1. A metallic material consisting essentially of a conductive metal matrix and a refractory dopant component selected from the group consisting of tantalum, chromium, rhodium, ruthenium, iridium, osmium, platinum, rhenium, niobium, hafnium and mixtures thereof.
2. The metallic material according to claim 1, wherein the refractory dopant component is present in an amount of 0.1 to 6 percent by weight, based on the metallic material.
3. The metallic material according to claim 1, wherein the refractory dopant component is present in an amount of 1 to 3 percent by weight, based on the metallic material.
4. The metallic material according to claim 1, wherein the conductive metal matrix comprises copper.
5. The metallic material according to claim 4, wherein the refractory dopant component comprises a metal selected from the group consisting of tantalum, chromium and combinations thereof.
6. The metallic material according to claim 5, wherein the refractory dopant component is present in an amount of 0.1 to 6 percent by weight, based on the metallic material.

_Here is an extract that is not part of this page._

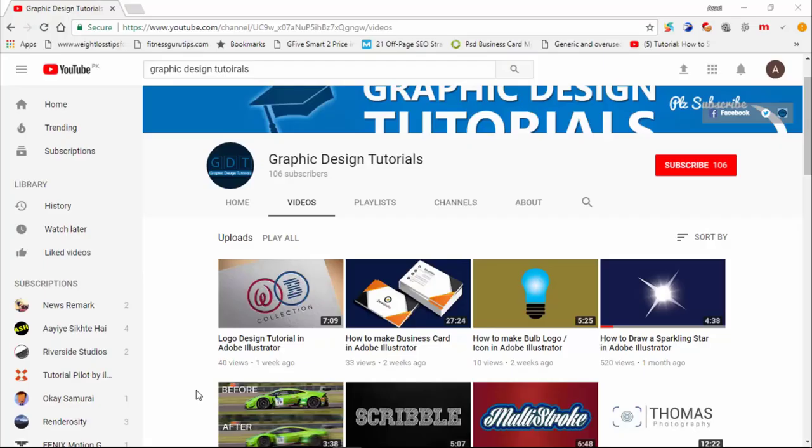Hey everyone, welcome to my YouTube channel. Before proceeding to tutorial, I request you that please subscribe to my channel.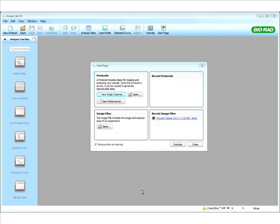Hello, everyone. My name is Maysam Abassi, field application scientist with BioRad. And today, I would like to talk to you about image acquisition using our newest imaging system, the ChemiDoc-MP.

7. The metallic material according to claim 5, wherein the refractory dopant component is present in an amount of 1 to 3 percent by weight, based on the metallic material.
8. The metallic material according to claim 4, wherein the refractory dopant comprises chromium and tantalum.
9. The metallic material according to claim 8, wherein the chromium and the tantalum are present in a combined amount of 0.1 to 6 percent by weight.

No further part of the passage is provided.